* [Records for the task]:

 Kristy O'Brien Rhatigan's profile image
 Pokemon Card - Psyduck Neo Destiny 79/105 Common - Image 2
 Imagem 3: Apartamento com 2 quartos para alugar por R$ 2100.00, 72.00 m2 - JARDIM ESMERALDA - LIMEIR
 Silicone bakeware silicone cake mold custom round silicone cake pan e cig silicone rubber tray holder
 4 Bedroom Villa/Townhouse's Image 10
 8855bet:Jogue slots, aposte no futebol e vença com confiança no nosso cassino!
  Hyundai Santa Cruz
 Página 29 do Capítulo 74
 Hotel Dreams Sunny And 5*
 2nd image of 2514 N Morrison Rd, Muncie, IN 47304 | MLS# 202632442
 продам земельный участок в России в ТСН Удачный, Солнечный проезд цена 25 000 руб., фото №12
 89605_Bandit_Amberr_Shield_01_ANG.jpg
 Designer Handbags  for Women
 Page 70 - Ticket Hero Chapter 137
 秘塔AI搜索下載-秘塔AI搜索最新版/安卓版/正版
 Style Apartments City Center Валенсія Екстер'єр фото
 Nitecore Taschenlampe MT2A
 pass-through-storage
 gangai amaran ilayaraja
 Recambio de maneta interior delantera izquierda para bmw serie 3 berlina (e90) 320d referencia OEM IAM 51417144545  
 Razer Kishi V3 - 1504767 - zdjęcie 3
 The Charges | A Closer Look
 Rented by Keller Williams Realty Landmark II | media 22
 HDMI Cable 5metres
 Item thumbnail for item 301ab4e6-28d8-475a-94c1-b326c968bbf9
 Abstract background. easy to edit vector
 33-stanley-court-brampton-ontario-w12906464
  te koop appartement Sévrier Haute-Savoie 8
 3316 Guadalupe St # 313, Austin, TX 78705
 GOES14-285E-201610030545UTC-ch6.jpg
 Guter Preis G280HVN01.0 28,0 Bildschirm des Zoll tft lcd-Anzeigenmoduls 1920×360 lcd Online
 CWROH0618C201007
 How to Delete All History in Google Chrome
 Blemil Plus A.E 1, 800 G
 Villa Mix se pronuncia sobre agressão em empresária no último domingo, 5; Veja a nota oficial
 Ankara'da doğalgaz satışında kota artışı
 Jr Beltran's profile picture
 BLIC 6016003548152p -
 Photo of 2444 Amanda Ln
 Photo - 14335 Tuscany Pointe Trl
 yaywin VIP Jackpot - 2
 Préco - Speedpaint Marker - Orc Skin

* [What you should do]:
From the records above, print only the lines between the one holding "秘塔AI搜索下載-秘塔AI搜索最新版/安卓版/正版" and the one holding "HDMI Cable 5metres", inclusive, exactly as they stand.

* [Solution below]:
 秘塔AI搜索下載-秘塔AI搜索最新版/安卓版/正版
 Style Apartments City Center Валенсія Екстер'єр фото
 Nitecore Taschenlampe MT2A
 pass-through-storage
 gangai amaran ilayaraja
 Recambio de maneta interior delantera izquierda para bmw serie 3 berlina (e90) 320d referencia OEM IAM 51417144545  
 Razer Kishi V3 - 1504767 - zdjęcie 3
 The Charges | A Closer Look
 Rented by Keller Williams Realty Landmark II | media 22
 HDMI Cable 5metres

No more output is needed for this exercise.